88kms with a 708m gain in elevation
With cooler outdoor temperatures, sleeping was great. I really don’t know how I managed to drag myself out from under the blankets to get out and ride a bike this morning. However, I did just that.
I’ve changed the way I get ready for the ride and it has made all the difference. I won’t go into the details, but I encourage everyone to try new things if something isn’t working.

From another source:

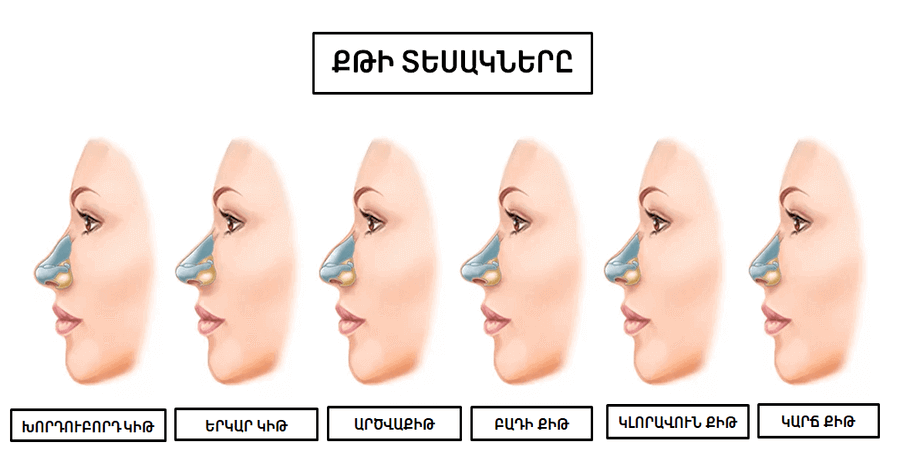 ՔԹԻ-ՊԼԱՍՏԻԿ-ՎԻՐԱՀԱՏՈՒԹՅՈՒՆ-ՔԹԻ-ՏԵՍԱԿՆԵՐԸ-ՌԻՆՈՊԼԱՍՏԻԿԱ - ՊԼԱՍՏԻԿ ՎԻՐԱԲՈՒԺՈՒԹՅՈՒՆ - ՊԼԱՍՏԻԿԱ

I arrived at the meeting place and I engaged in the pre-ride chit chat that normally goes on. It struck me as interesting that cyclists approach temperature changes differently than other people. I’ve been at pre-events where people grumbled about the lower temperatures. They start talking about scheduling things earlier in the year. They talk about starting later in the day. When a cyclists mentions the cold, this is usually followed up with a trip to the car to get the warmer kit. Never have I heard one say that maybe we shouldn’t ride. Of course, those that think it’s cold, don’t come to the meeting point. As for me, since I cycle to the meeting point, there’s very little I can do about it when I get there. If I am wearing my warm sleeves or full finger gloves, I can take them off. I can’t put anything else on.

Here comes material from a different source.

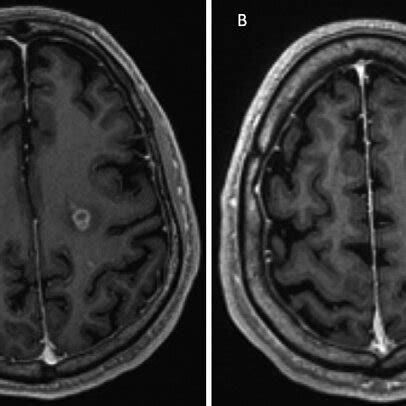 Axial T Weighted Postcontrast Brain Mri Demonstrating Two Of Nine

I wasn’t really feeling it, and was looking forward to a slow paced C ride. That wasn’t to be. There were only three C-ish riders there, and no one to lead the group. So, we joined the B group–though agreeing that we could cut the ride short at a designated point. As for me, once I joined the B group, I was there to stay.
I have felt that I was between the C and B group for most of the summer, but this really cemented to me that I need to be in the B group full time. I held my own for the whole trip and enjoyed the stable pace that the B group set. The C group is all over the place with pace and it is less enjoyable unless we have a strong leader who demands a steady pace line and knows when to ease up and when to hammer. That isn’t always the case.
A great thing about a steady pace is that you can actually talk to people on the ride. I am not a big talker outside of my classroom, but it doesn’t hurt to have a conversation or two about cycling or other stuff.
I did falter later in the ride because we had stopped for a while and my body does not like that. It has its own idea about inertia and wants to stay in motion. I recovered when I left the group and put up some good numbers on my way home.
One of founders of the Newmarket Eagles gave me a compliment. He said my riding had definitely improved and was sure that I got in more than one ride per week. When I told him that I didn’t, he remarked that I had a lot of potential. I have to say, I felt pretty good about that.